DESCRIPTION OF THE TASK — Please reproduce the entries below exactly from the line with "Lot 85 - Taxidermy badger" through their last line, leaving out any pictures.

EXTRACTED INFORMATION —
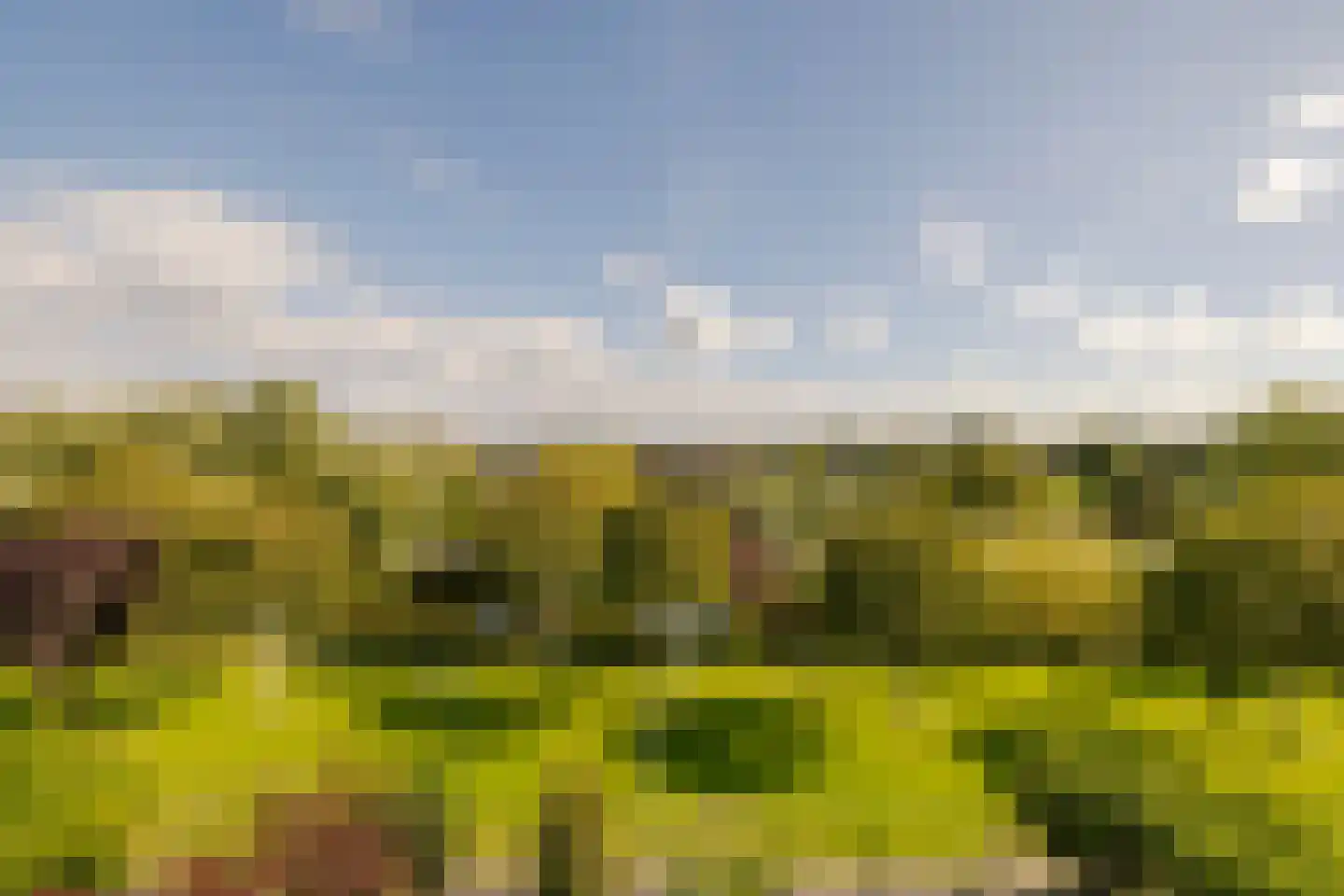 Balatonmeerlaan 53 Amsterdam thumbnail 40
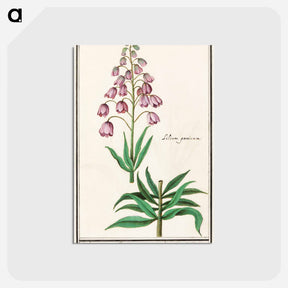 アートポストカード-Persian lily - アンセルムス ボエティウス デ ブート Postcard.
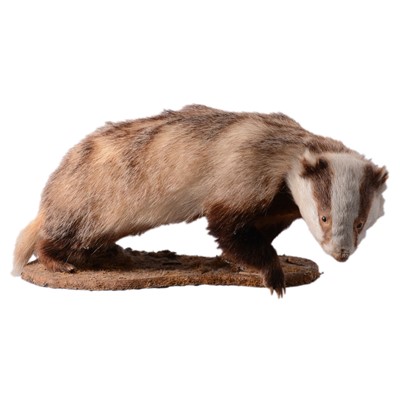 Lot 85 - Taxidermy badger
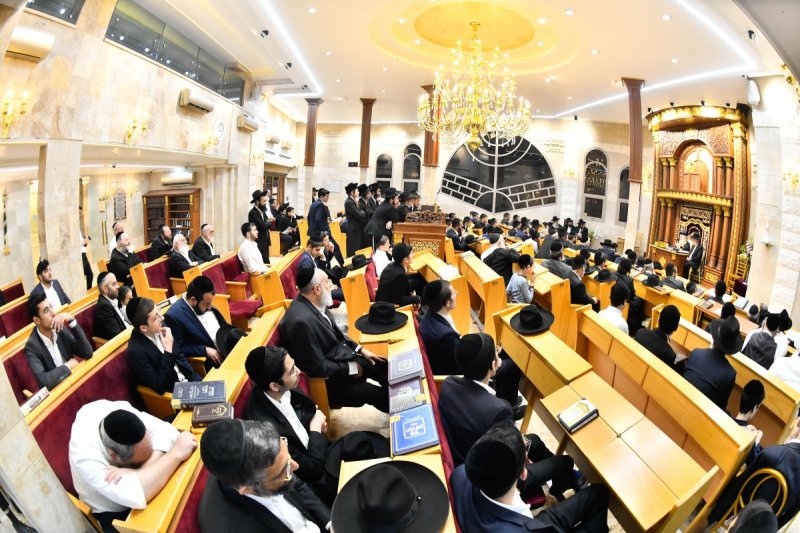 שוקי לרר
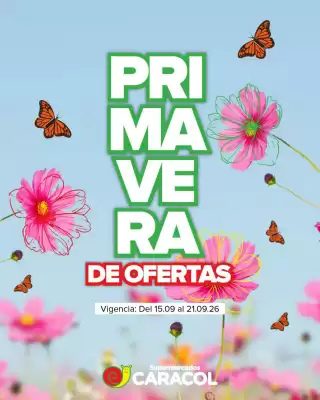 Caracol (válido hasta 21-09)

SOLUTION BELOW —
 Lot 85 - Taxidermy badger
 שוקי לרר
 Caracol (válido hasta 21-09)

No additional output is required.